Otherwise it will make reading the logs harder, specifically when several resources are starting concurrently.

Regards,
Ulrich

>>> Reid Wahl <nwahl at redhat.com> schrieb am 05.02.2021 um 11:08 in Nachricht
<CAPiuu99SzKMsrxG9dw4y5+ZOFcNG3EAHpJP=zFUbcTibVzuDLw at mail.gmail.com>:
> Hi, Ulrich. I presume you're talking about the log_finished line, which
> looks like this in pacemaker.log:
> 
> Feb 05 01:48:47.192 fastvm-rhel-8-0-23 pacemaker-execd     [15446]
> (log_finished at execd_commands.c:214)  info: dummy start (call 23, PID 18743)
> exited with status 0 (execution time 11ms, queue time 0ms)
> 
> Is that correct?

Yes. The detail is visible in pacemaker.log only.

> 
> I got curious and took a look.

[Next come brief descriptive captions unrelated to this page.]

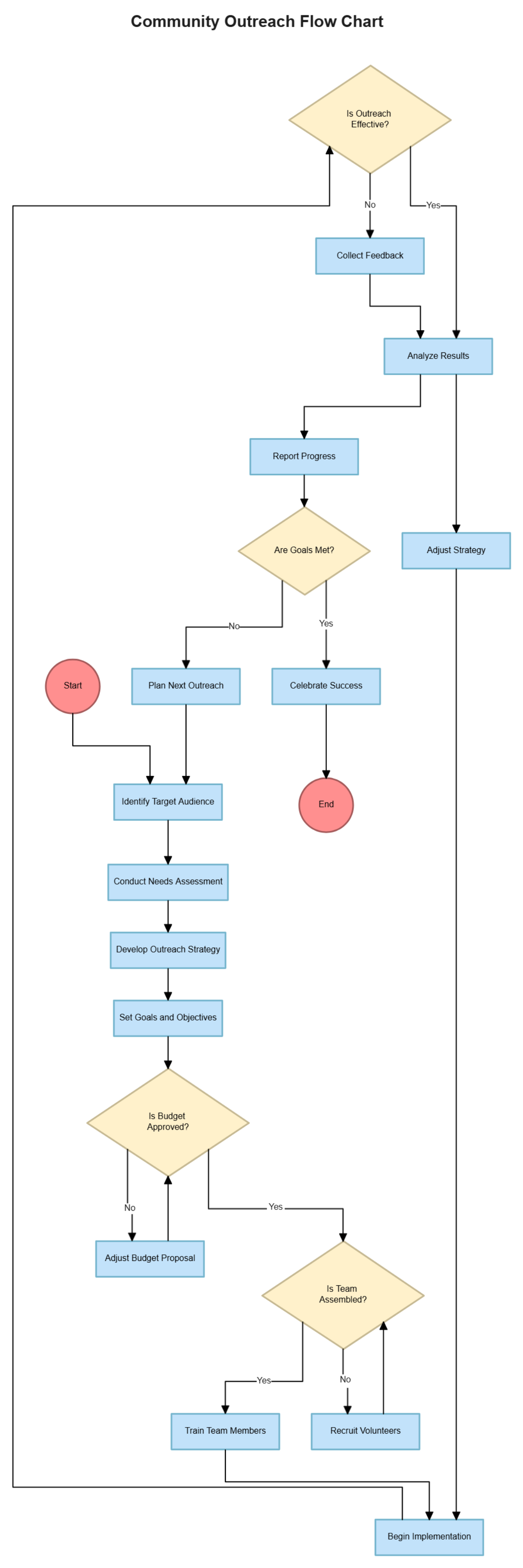Free Community Outreach Flow Chart to Edit Online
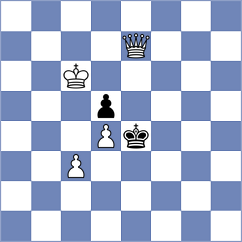 Aliyev - Gandhi (chess.com INT, 2024)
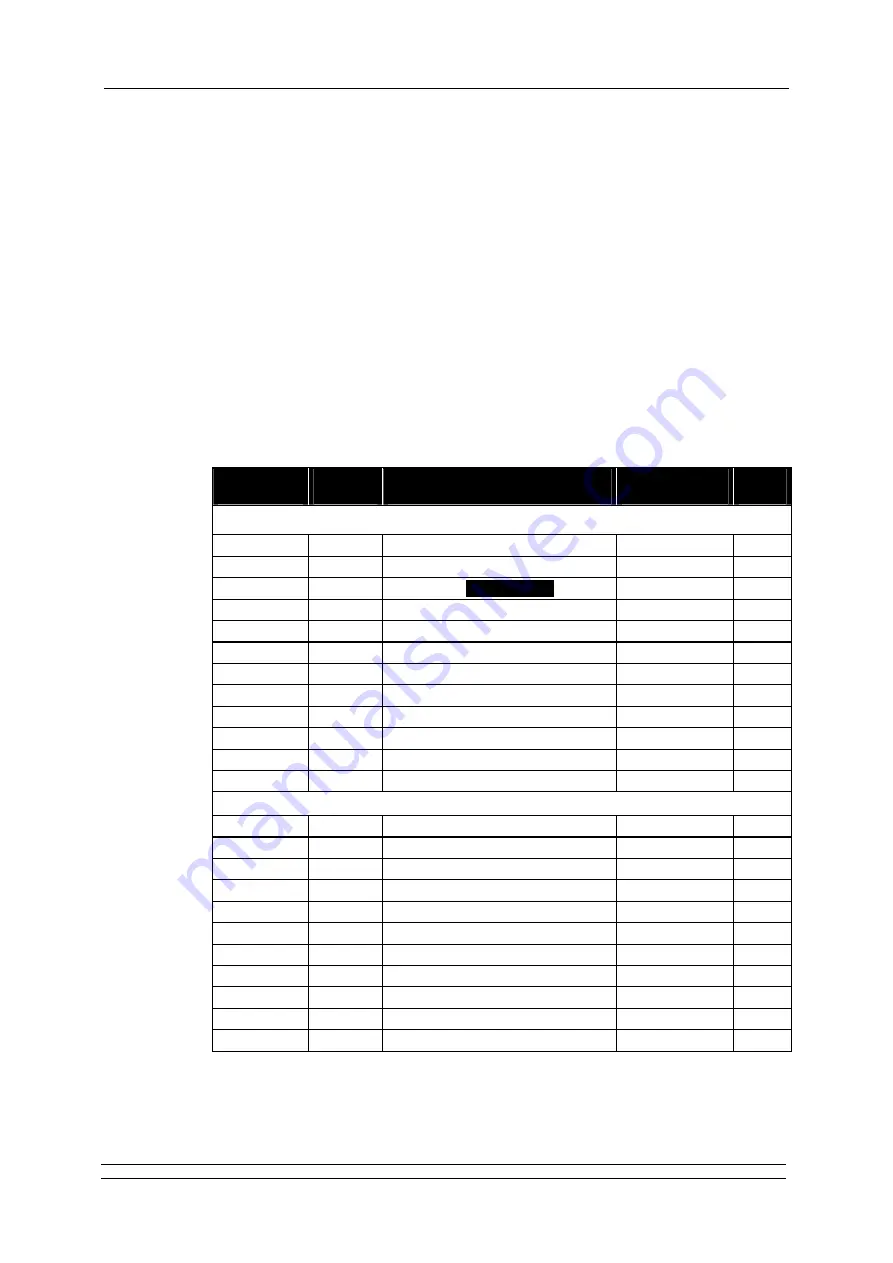 Leuze electronic OMS2/120 CAN Technical Description Download Page 27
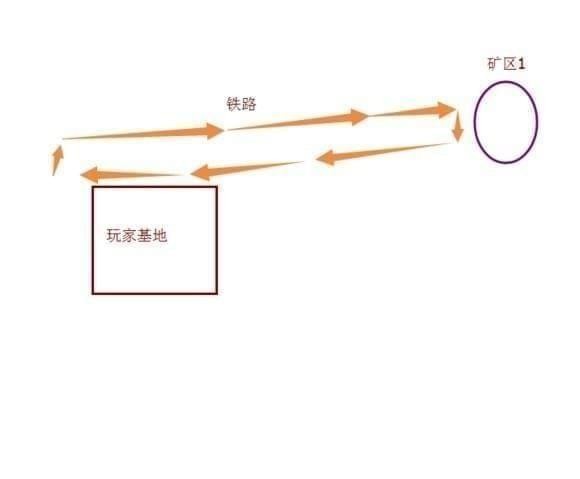factorio异星工厂手游下载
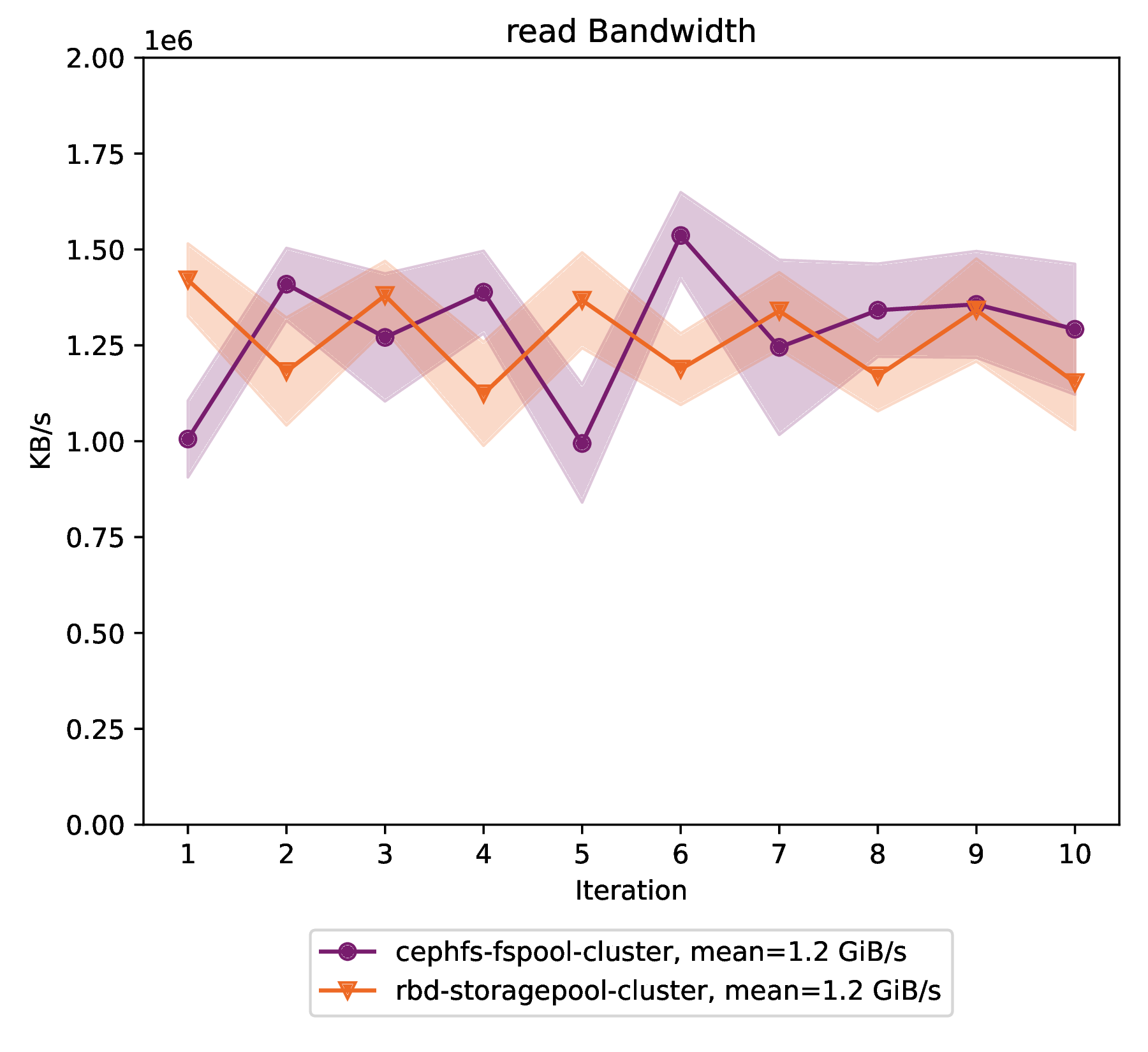 exoscale read bandwidth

It looks like this comes down to the
> action_complete() function:
>   -
> https://github.com/ClusterLabs/pacemaker/blob/Pacemaker-2.0.5/daemons/execd/ 
> execd_commands.c#L896-L1050
> 
> This function calls cmd_finalize() at the end, which calls a chain of
> functions ending in log_finished(). log_finished() logs the "start ...
> exited with status" line shown above.
> 
> However, systemd resources have to be handled a bit differently. We have to
> schedule a monitor operation to run after the start operation, in order to
> check whether the start was truly a success.

Doesn't systemctl return a proper exit status?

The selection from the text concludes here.